I am currently studying algorithms at college and I am curios as what does a seasoned developer uses in its code when said programmer needs to sort something.
Different sorting algorithms have different applications. You choose the best algorithm for the problem you're facing. For example, if you have a list of items in-memory then you can sort them in-place with QuickSort - if you want to sort items that are streamed-in (i.e. an online sort) then QuickSort wouldn't be appropriate.
C++ uses IntroSort which has an average of Θ(n log(n)) and worst of Θ(n^2).
I think you mean C++'s STL sort defaults to using Introsort in most implementations (including the original SGI STL and GNU's, but I don't believe the C++ specification specifically requires sort to use Introsort - it only requires it to be a stable sort. C++ is just a language, which does not have a sorting-algorithm built in to the language. Anyway, it's a library feature, not a language feature.
C# uses QuickSort which has an average of Θ(n log(n)) and worst of Θ(n^2).
Again, C# (the language) does not have any built-in sorting functionality. It's a .NET BCL (Base Class Library) feature that exposes methods that perform the sorting (such as Array.Sort, List<T>.Sort, Enumerable.OrderBy<T>, and so on). Unlike the C++ specification, the C# official documentation does state that the algorithm used by List<T>.Sort is Quicksort, but other methods like Enumerable.OrderBy<T> leave the actual sorting algorithm used to the backend provider (e.g. in Linq-to-SQL and Linq-to-Entities the sorting is performed by the remote database engine).
Do programmers use the default sorting methods or they implement their own ?
Generally speaking, we use the defaults because they're good enough for 95%+ of all workloads and scenarios - or because the specification allows the toolchain and library we're using to pick the best algorithm for the runtime platform (e.g. C++'s sort could hypothetically make use of hardware-sorting which allows for sorting of constrained values of n in O(1) to O(n) worst-case time instead of O(n^2) with QuickSort - which is a problem when processing unsanitized user-input.
But also, generally speaking, programmers should never reimplement their own sorting algorithms. Modern languages with support for templates and generics mean that an algorithm can be written in the general form for us, so we just need to provide the data to be sorted and either comparator function or a sorting key selector, which avoids common programmer human errors when reimplementing a stock algorithm.

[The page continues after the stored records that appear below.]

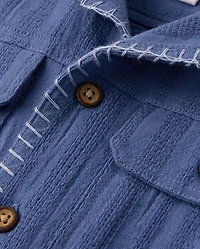 Boys Textured Button Up Shirt - Driftwood Bay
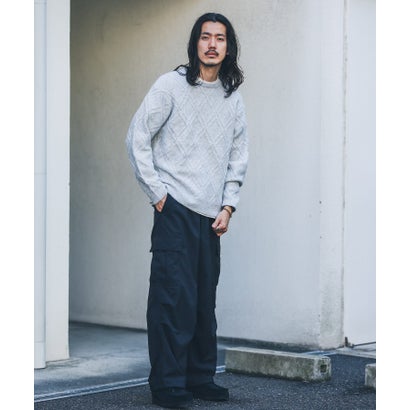 アーバンリサーチ サニーレーベル URBAN RESEARCH Sonny Label ウールライクダイヤパターンニットプルオーバー （オレンジ）｜詳細画像
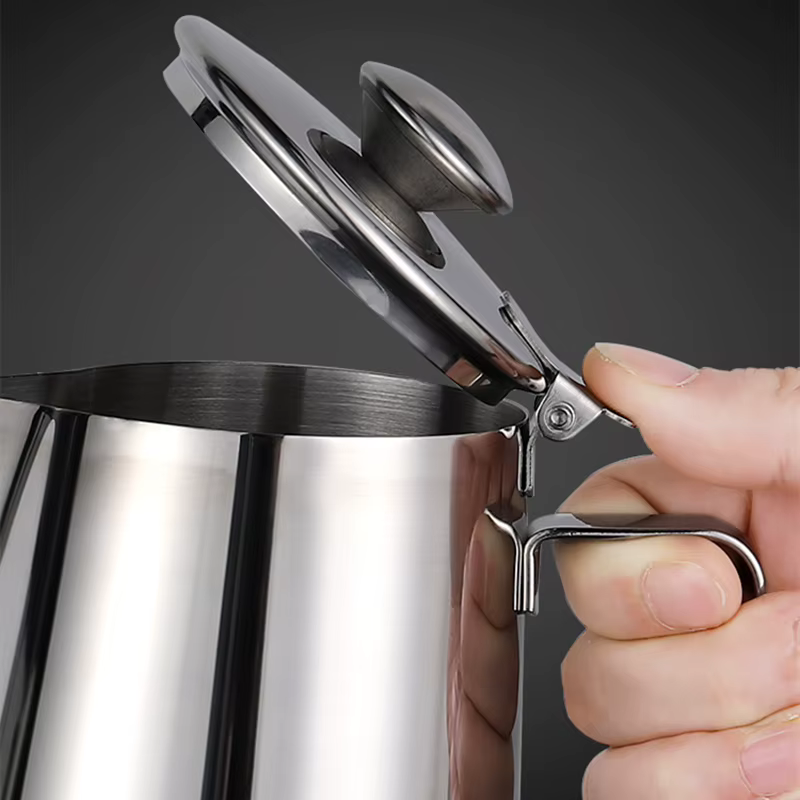 Aixiangru-Tasse à café en acier Barista avec couvercle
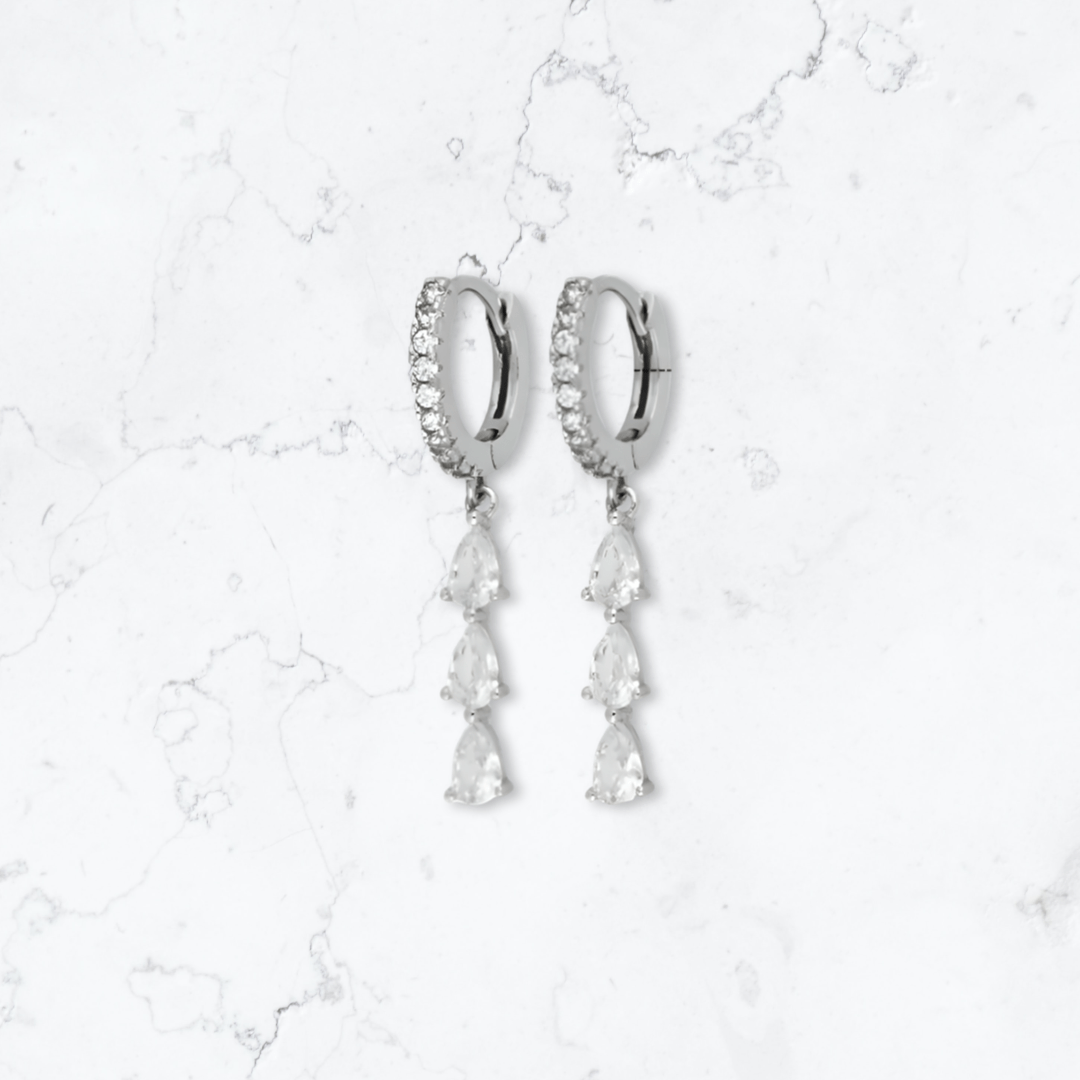Silver Triple Drop Huggies - Gemineye Jewellery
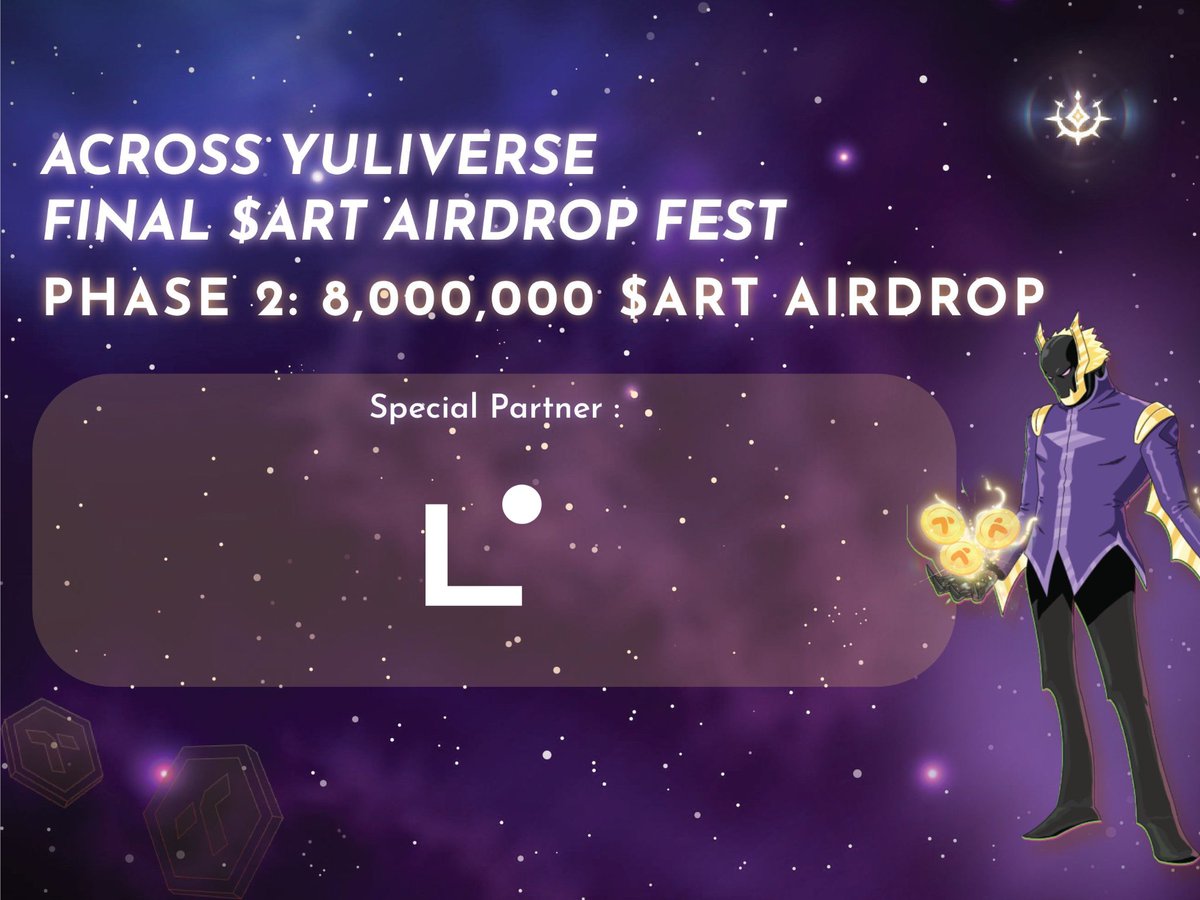 Attention Farmers! 🚀  
 
New Quest Available now!  
 
Featuring our partner <a href="/LineaBuild/">Linea.eth</a>, joining Yuliverse Phase 2 Final $ART Airdrop Fest!     
 
Complete it and earn points! 

Join now：airdrop.yuliverse.com 
#Yuliverse #ARTAirdrop #Linea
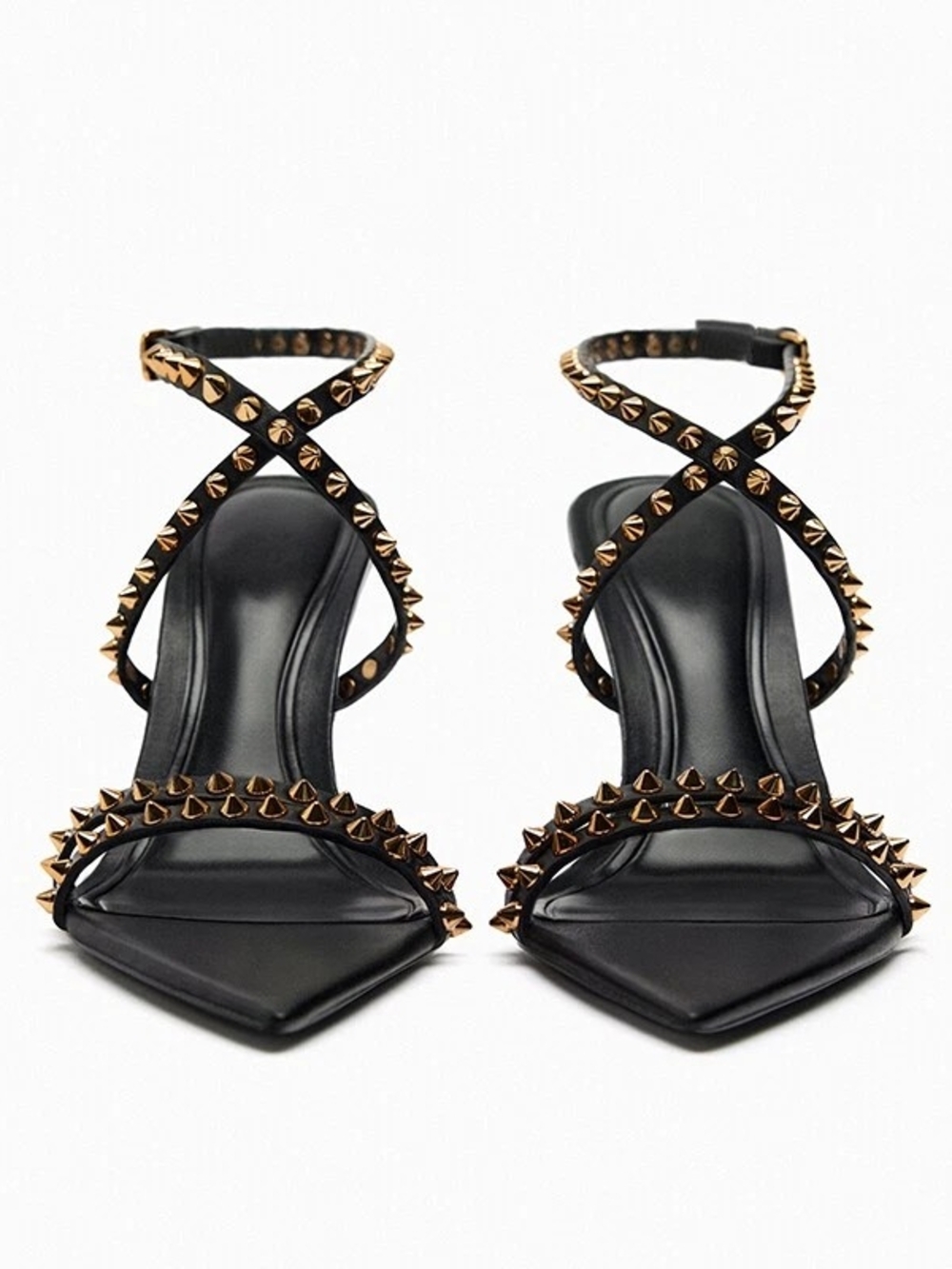 ZARA Black Gold Studded Pointed Toe Strappy Heeled Sandals Sz 37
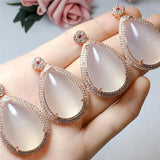 High Ice Chalcedony Drop Pendant Agate Necklace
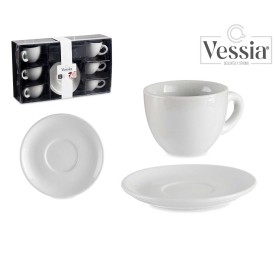 SET 6 TAZAS CAFE PORCELANA BLANCA C PLATO 250ML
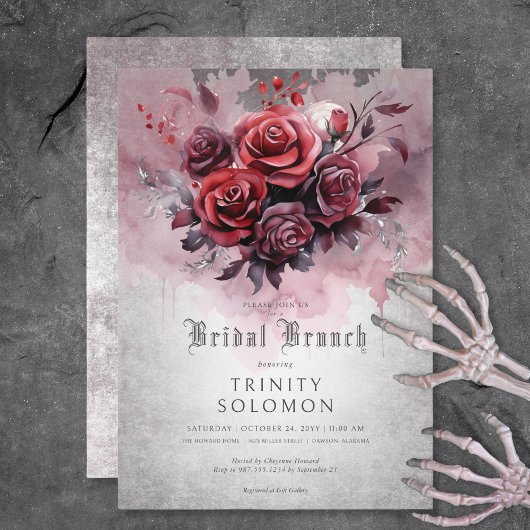 Invitation Gothique Noir & Rose Rouge Floral Brunch nuptial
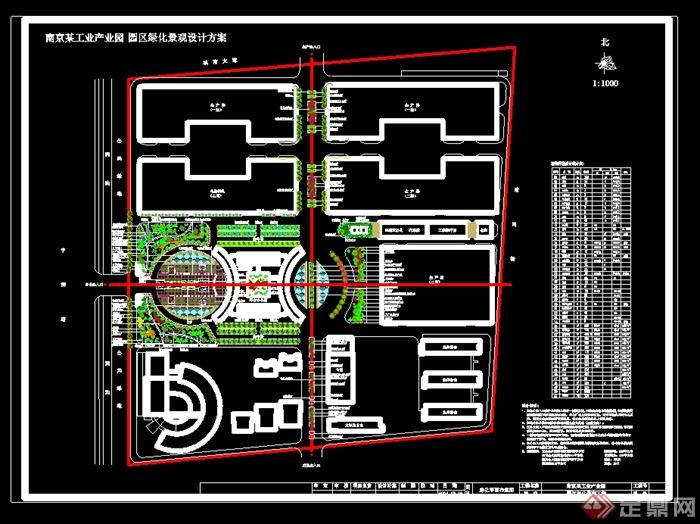 南京某工业园园区绿化设计cad方案图(1)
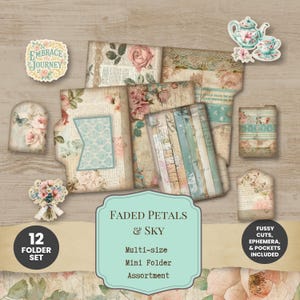 May include: A set of 12 paper folders, ephemera, and fussy cuts featuring floral rose patterns, vintage script, and teal accents. Includes a die-cut label reading Embrace the Journey and a central sign labelled Faded Petals & Sky, Multi-size Mini Folder Assortment.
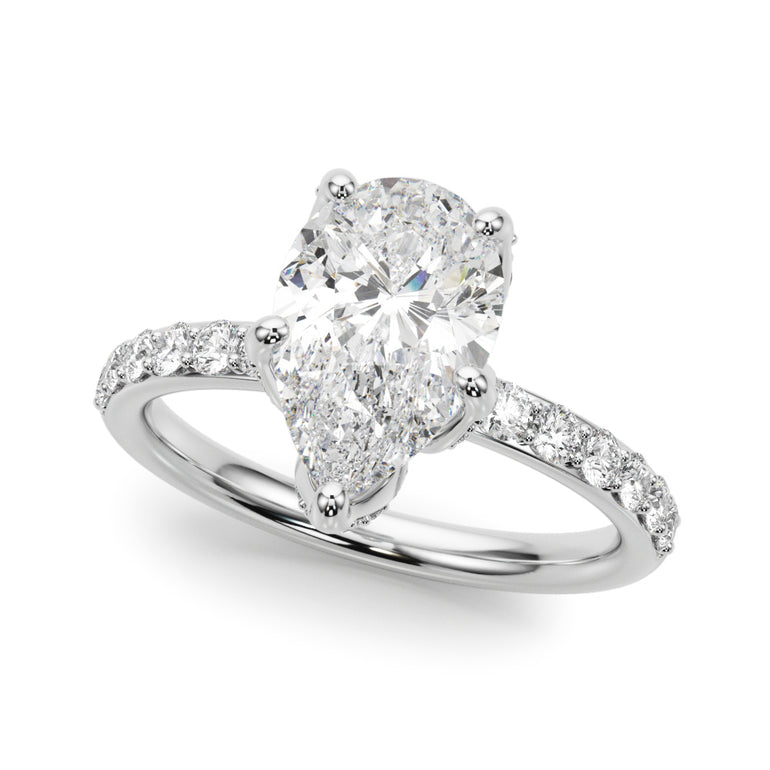 Floral Pear Engagement Ring – Pear-Shaped Lab Diamond Engagement Ring in 18K Gold | Just Brilliant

As for the possibility of programmers inventing their own new novel sorting algorithms... with few exceptions that really doesn't happen. As with cryptography, if you find yourself "inventing" a new sorting algorithm I guarantee that not only are you not inventing a new algorithm, but that your algorithm will be flawed in some way or another. In short: don't - at least not until you've ran your idea past your nearest computer science academic.
When do they use the default one and when do they implement their own ?
See above. You're also not considering using a non-default algorithm. As the other answers have said, it's based on the application, i.e. the problem you're trying to solve.
Is Θ(n log(n)) the best time a sorting algorithm can get ?
You need to understand the difference between Best-case, Average-case, and Worst-case time complexities. Just read the Wikipedia article section with the big table that shows you the different runtime complexities: https://en.wikipedia.org/wiki/Sorting_algorithm#Comparison_sorts - for example, insertion sort has a best-case time complexity of O(n) which is much better than O(n log n), which directly contradicts your supposition.
There are a ton of sorting algorithm, as I am currently finding out in uni.
I think you would be better served by bringing your questions to your class TA/prof/reader as they know the course material you're using and know the context in which you're asking.